By Ye Jun  2012-2-27 16:49:38

He is old school, a chef who started from the bottom rung as the lowliest kitchen apprentice. But look at him now.

He is 60 years old, but chef Yin Zhenjiang remembers exactly when he started to work in a restaurant. It was August 9, 1971 and his master was Wang Yijun, then executive chef of Fengze Yuan, the first Shandong cuisine restaurant set up in Beijing in 1930.

Yin was 19, and he began his apprenticeship lighting the coal fires in the kitchen. His mentor Wang guided him on every detail, from how to make a good mop, to filtering usable lumps of coal from the ashes of the fire.

He went through all the stages of apprenticeship, including plucking the fowls, cleaning the fish to cutting meat and the preparation of vegetables.

It was two years before he was allowed to serve up his first stir-fry, although it would normally take an apprentice three years.

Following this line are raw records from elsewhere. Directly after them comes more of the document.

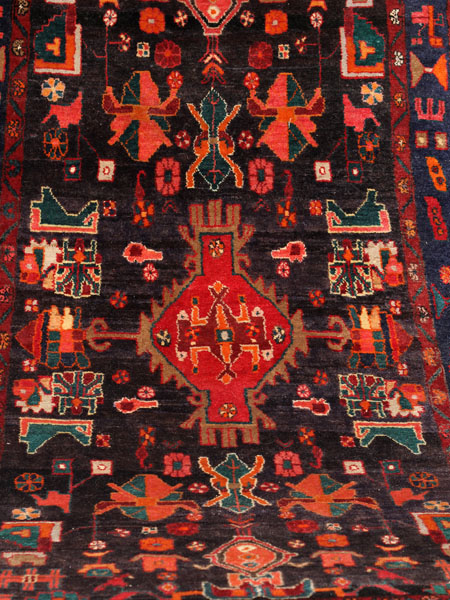 Starožitný koberec ÍRÁN GHASHGHAI K7 - 1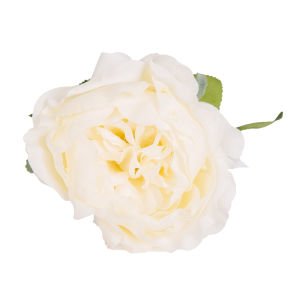 Yapay Islak Dokulu Gül Beyaz 55 Cm.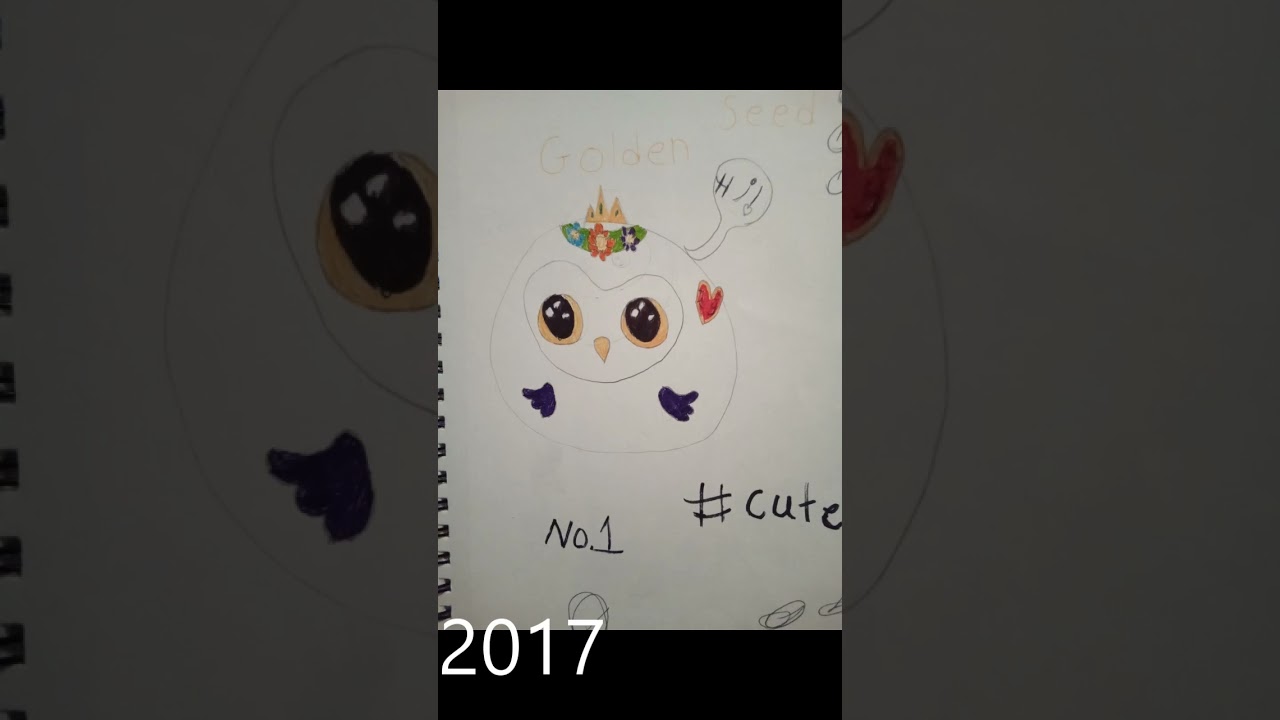 my art journey meme 2013-2023 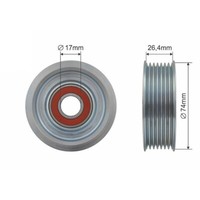 NTY Umlenk-/FüHrungsrolle Keilriemen FüR Honda Accord VII Tourer CM 2.0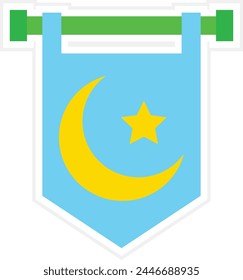 Pennant vector icon. Can be used for printing, mobile and web applications.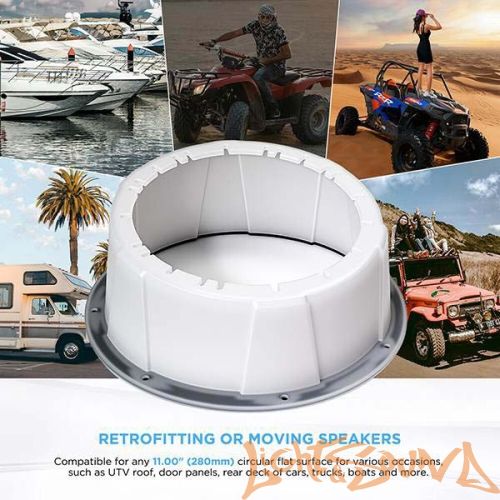 Подиумы пластиковые Recoil USP8W 8" (20см), белые, 2шт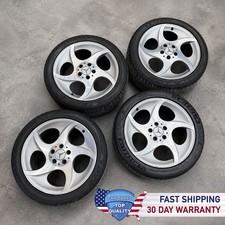 03-12 MERCEDES R230 SET R18" ALLOY WHEEL RIM TIRES 18x8.5J 18x9.5J ET35 ET40 OEM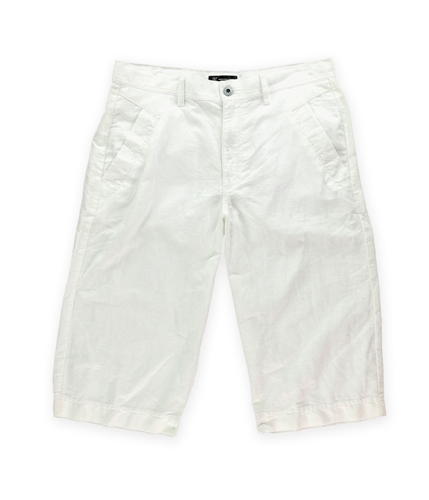 I-N-C Mens Linen Casual Walking Shorts white 33
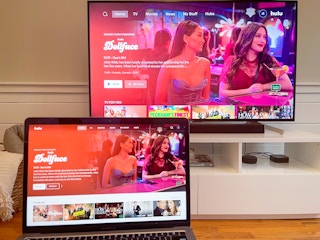 streaming hulu on two devices at once: on the tv and on a laptop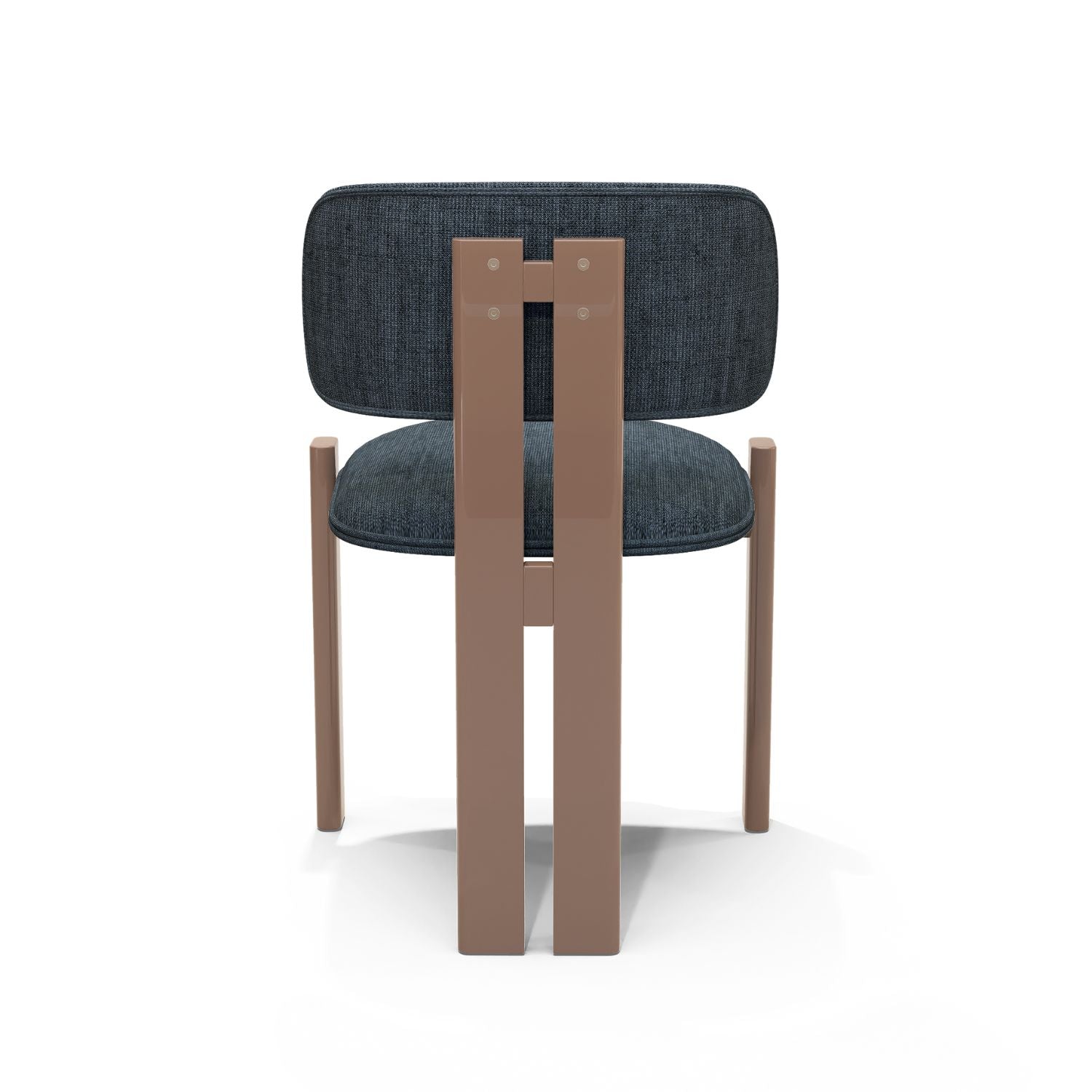 Silla De Comedor Sienna Microfibra Dossier Navy, Capuchino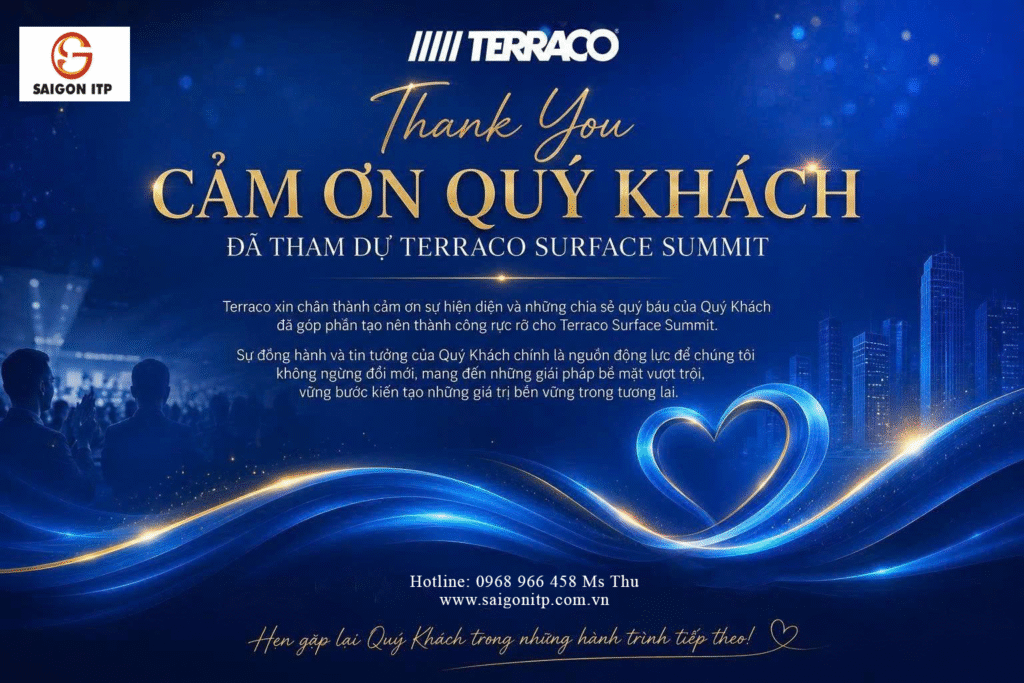 Sự kiện Terraco Surface Summit 2026 – Nơi Hiệu năng gặp gỡ Ý tưởng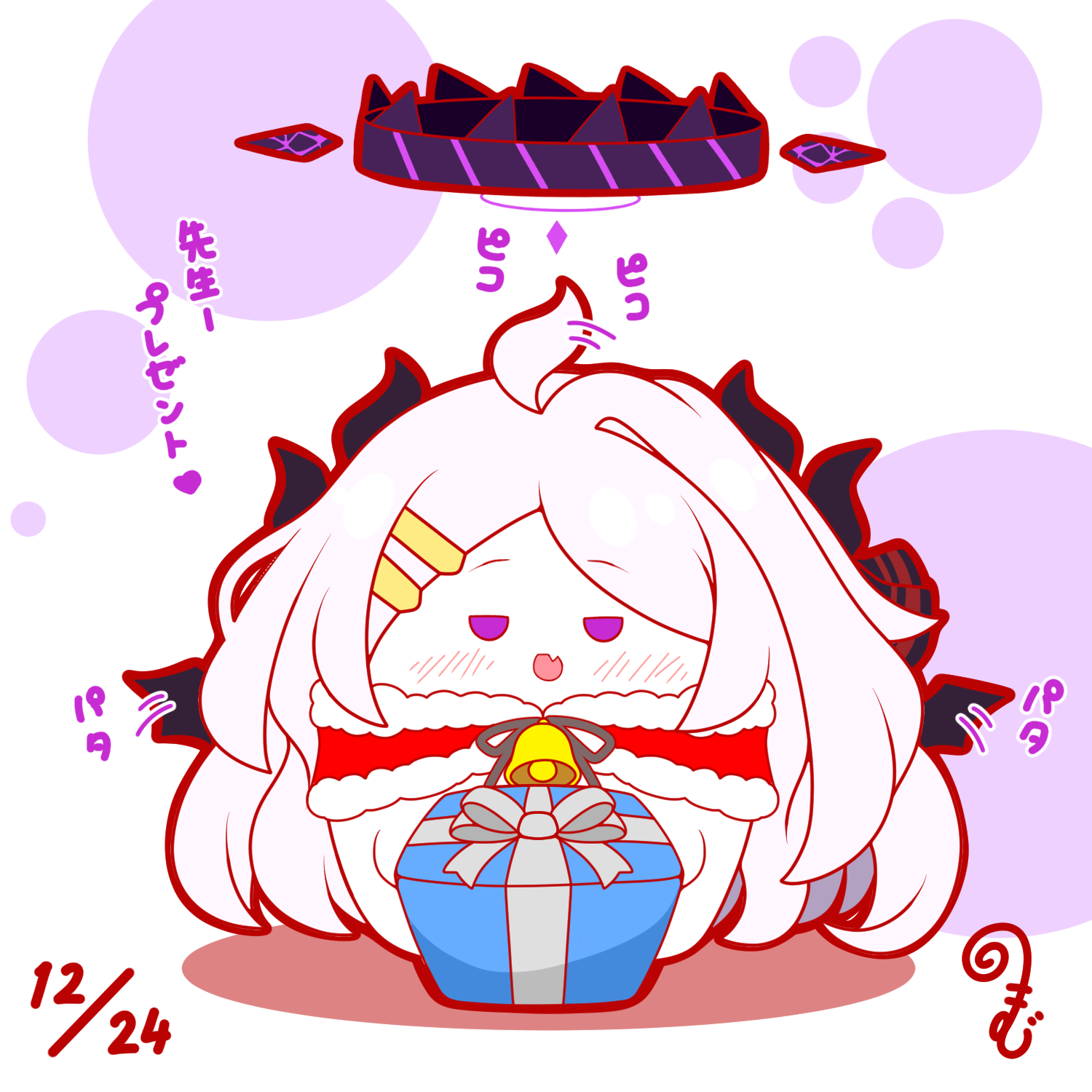 12月のおもちヒナちゃん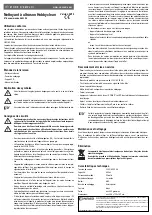 Предварительный просмотр 3 страницы Conrad 86 03 94 Operating Instructions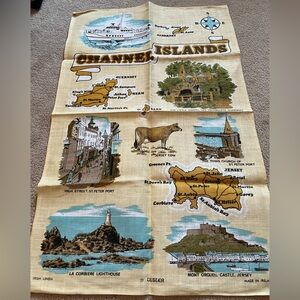 Vintage Irish Linen Kitchen Towel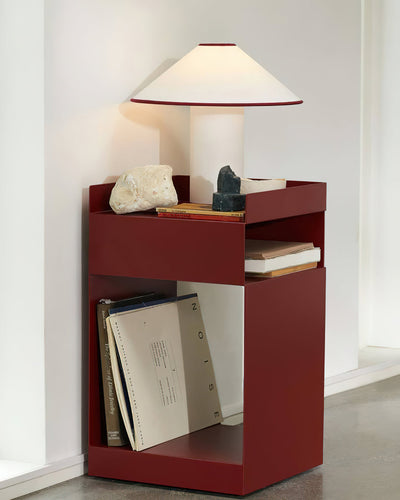 Colette Table Lamp – Elegant Metal & Fabric Lighting for a Warm Ambience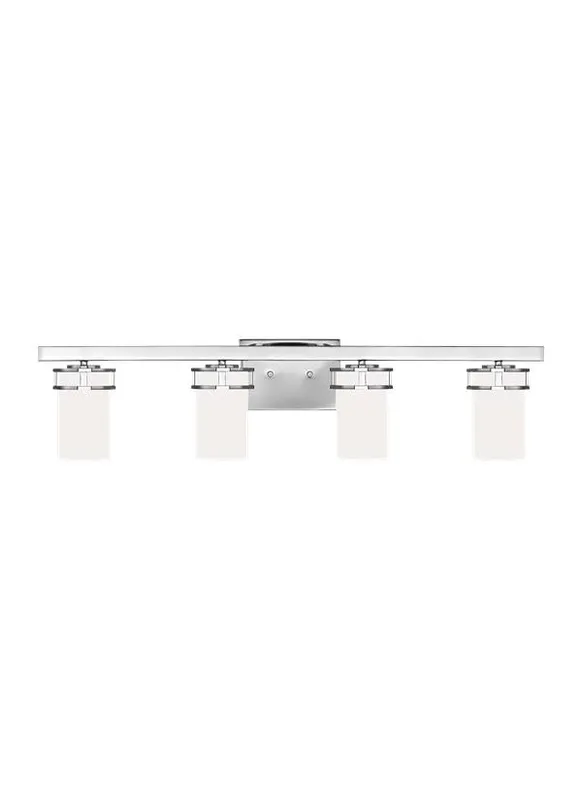 Robie Collection - Four Light Wall / Bath | Finish: Chrome - 4421604EN3-05 — Warehouse Lighting LED Wall Lights  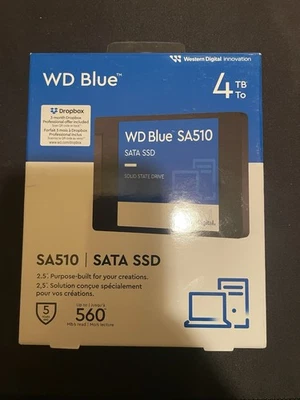 WD SA510 Blue 4TB 6.0Gb/s SATA 2.5 Inch SSD WDS400T3B0A-00C7K0 - Image 1 of 2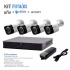 Kit Fusión 2 de Cámaras Meriva CCTV y 8 Canales, con Grabadora UV y Fuente de Poder Enson  1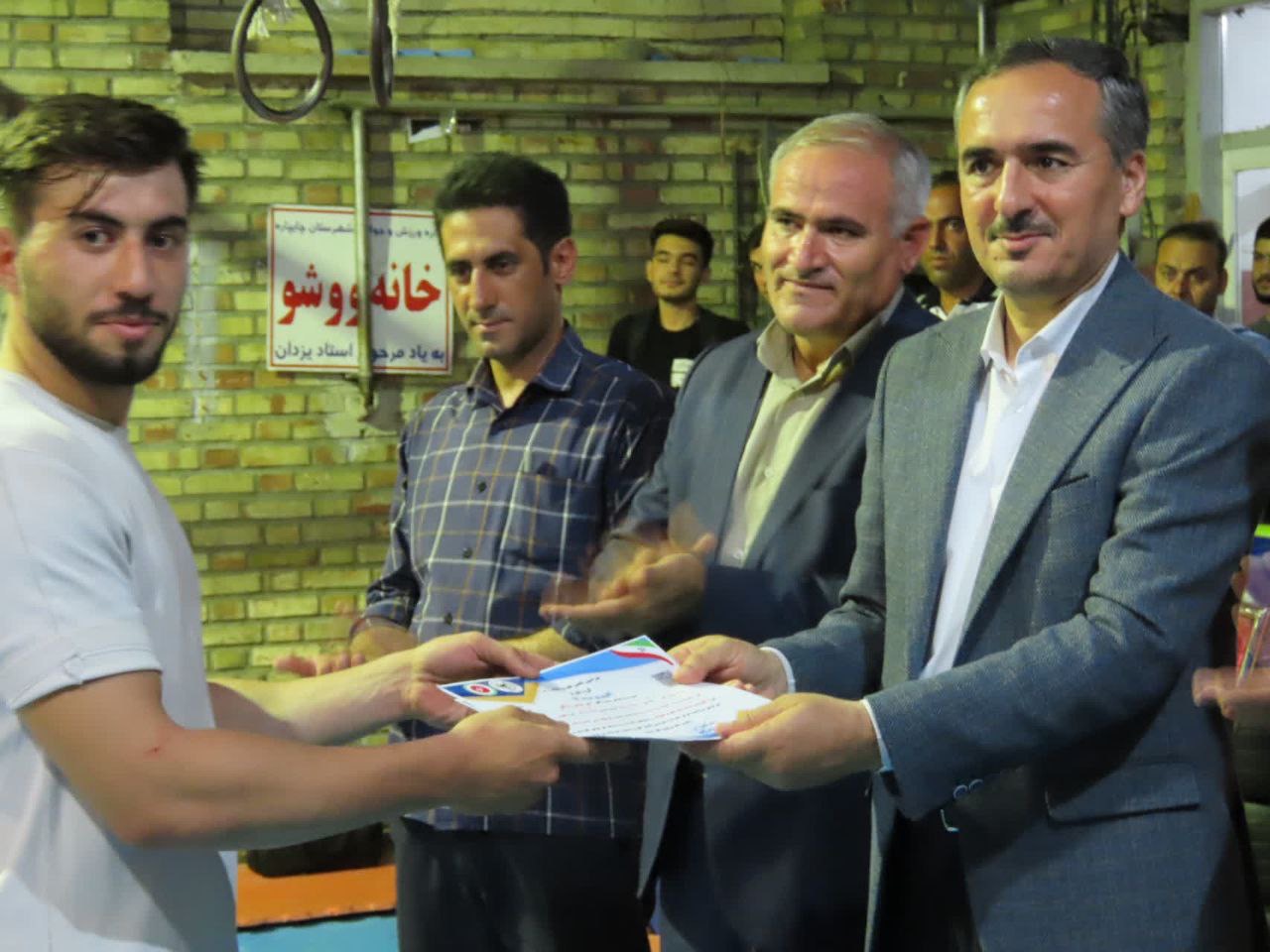 مراسم تجلیل از برگزیدگان مسابقات استانی گراپلینگ،کیک بوکسینگ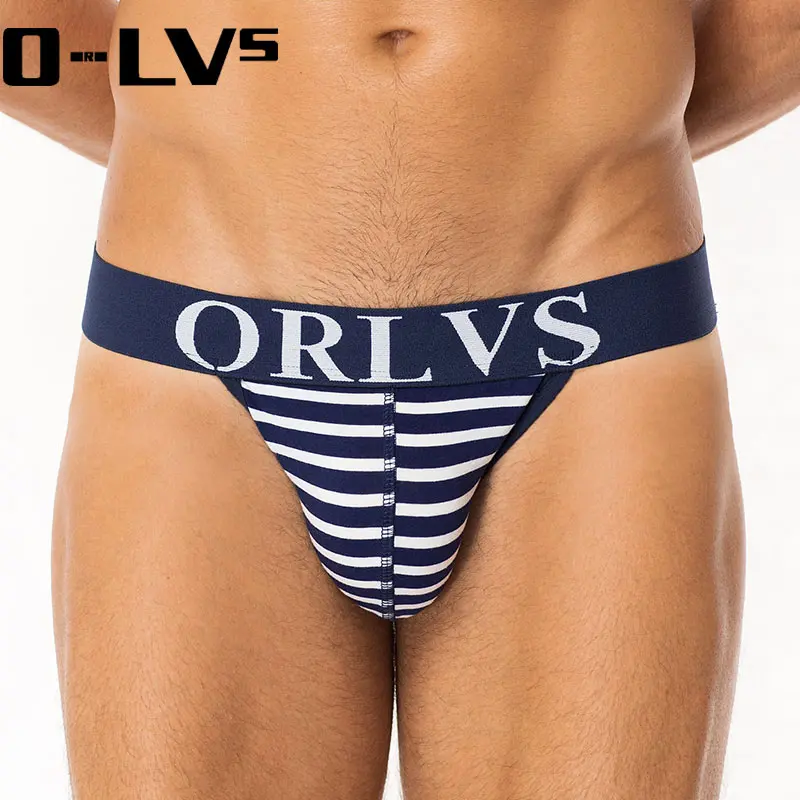 ORLVS бренд Мужские трусы сексуальные хлопковая &quotРакушка&quot Трусики Cueca Gay Нижнее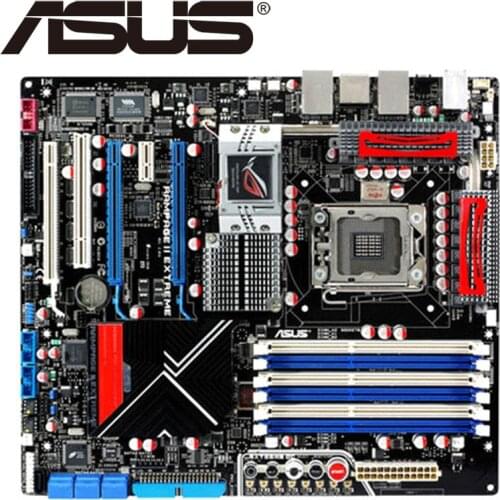 Asus Rampage II Extreme Desktop Motherboard X58 Socket LGA 1366 i7 Extreme DDR3 24G ATX UEFI BIOS Original Mainboard On Sale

"The Chinese cutting board is divided into a 'red chopping board', and 'a white chopping board'," he says. "The red chopping board refers to hot and cold fried dishes, while the white one refers to pastries such as steamed breads."

Dishes must be prepared and served in rigid order. For example, fried chestnut with cabbage should always go before oil-braised prawn.

"Cold dishes are served first, and hot dishes later. Expensive dishes come out first, and then the ordinary ones.

"Light dishes are made first, and stronger tasting dishes later," he says.